_Exercise objective_. Would you return the data exactly as given, except for its pictures?

*** Provided records Section Begins ***

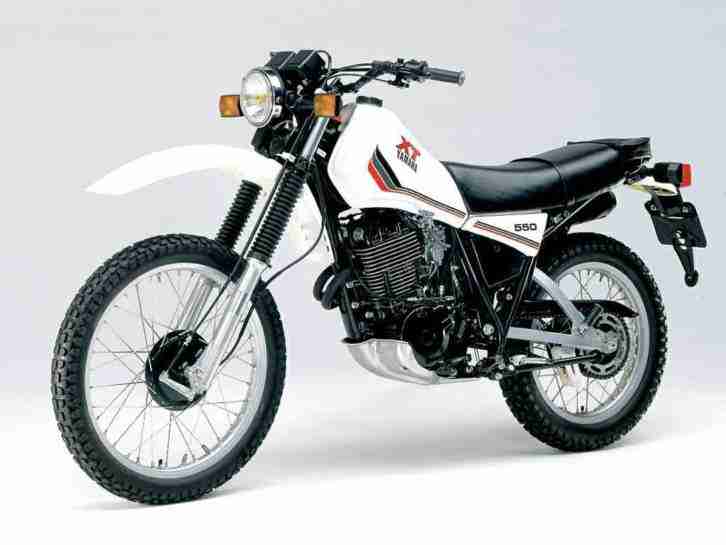 Yamaha XT 550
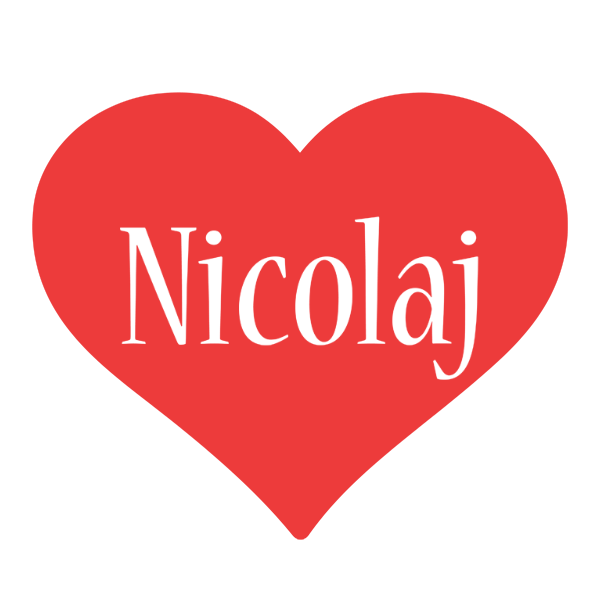 Nicolaj love logo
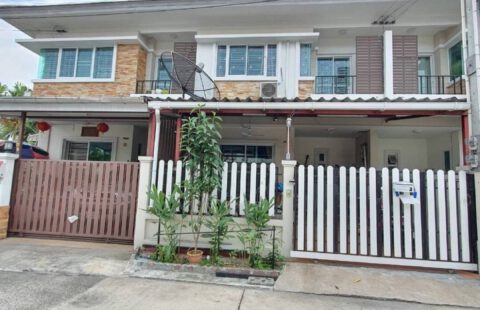 ขายทาวน์โฮม 2 ชั้น #หมู่บ้านดิโอโซนสวนเสือ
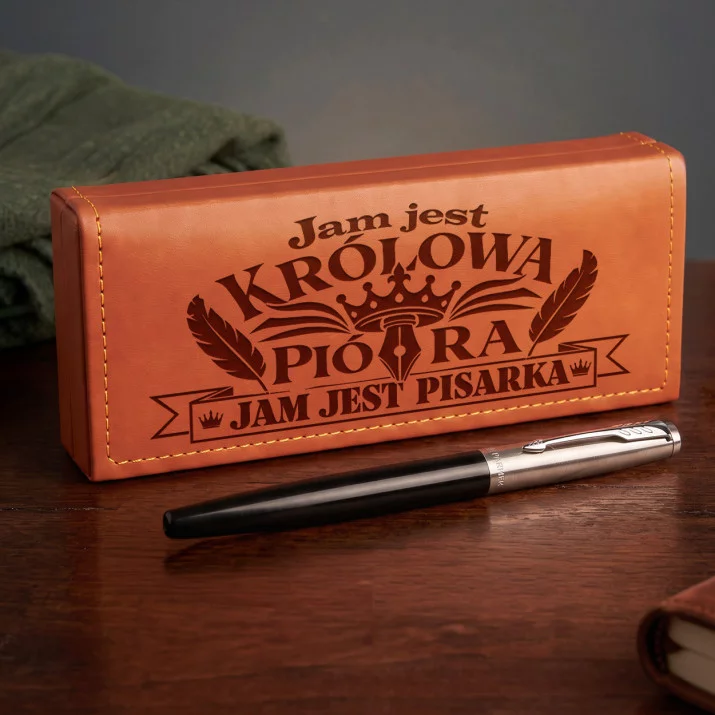 Pióro Wieczne Parker W Etui Dla Niej Prezent Na Walentynki Dla Kobiety: Pieczęć Autorki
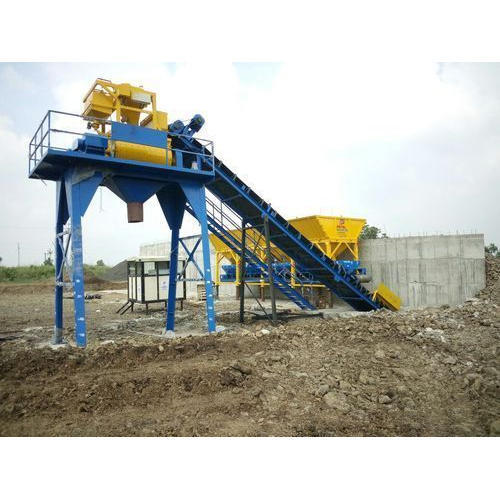 Stationary Concrete Batching Plant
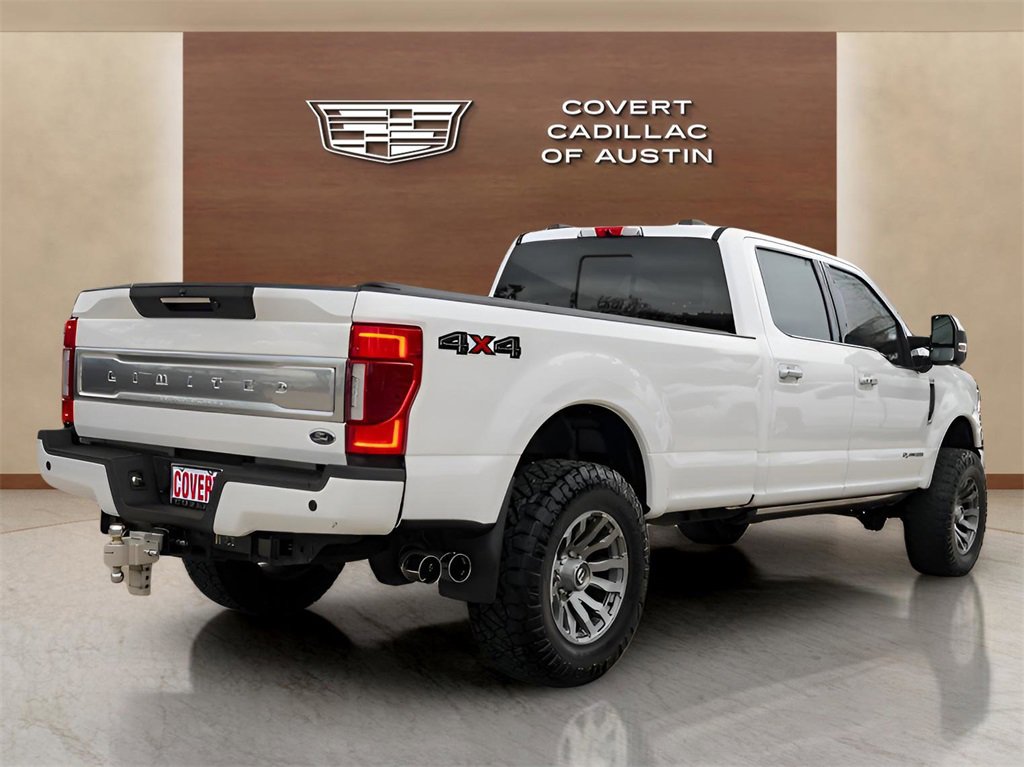 Used 2022 Ford F350 Limited image 4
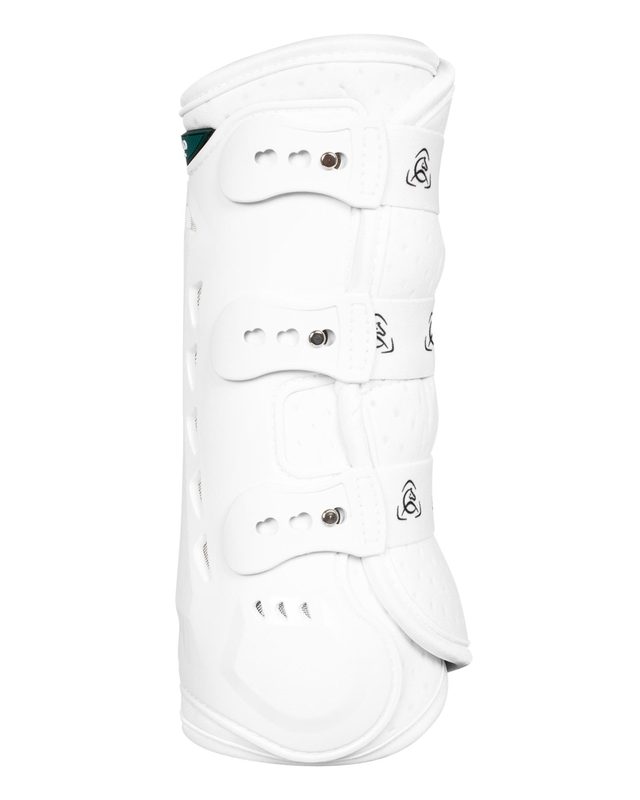 Gamaschen Dressur anatomisch hinten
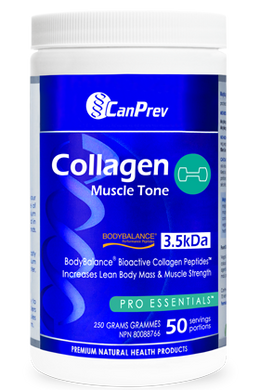 Collagen Muscle Tone Powder 250g - CanPrev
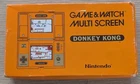 Nintendo Game Watch Donkey Kong, DK 52, With Box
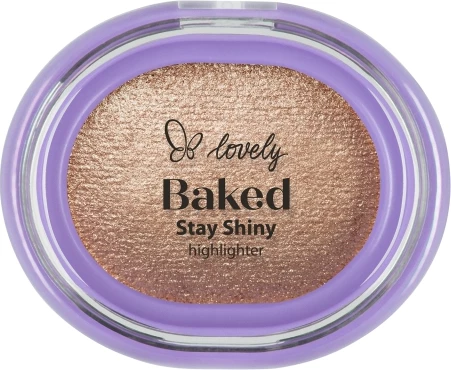 Highlighter Lovely Baked Stay Shiny 03 për femra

*** Provided records Section Ends ***

_Reply_.
 Yamaha XT 550
 Nicolaj love logo
 ขายทาวน์โฮม 2 ชั้น #หมู่บ้านดิโอโซนสวนเสือ
 Pióro Wieczne Parker W Etui Dla Niej Prezent Na Walentynki Dla Kobiety: Pieczęć Autorki
 Stationary Concrete Batching Plant
 Used 2022 Ford F350 Limited image 4
 Gamaschen Dressur anatomisch hinten
 Collagen Muscle Tone Powder 250g - CanPrev
 Nintendo Game Watch Donkey Kong, DK 52, With Box
 Highlighter Lovely Baked Stay Shiny 03 për femra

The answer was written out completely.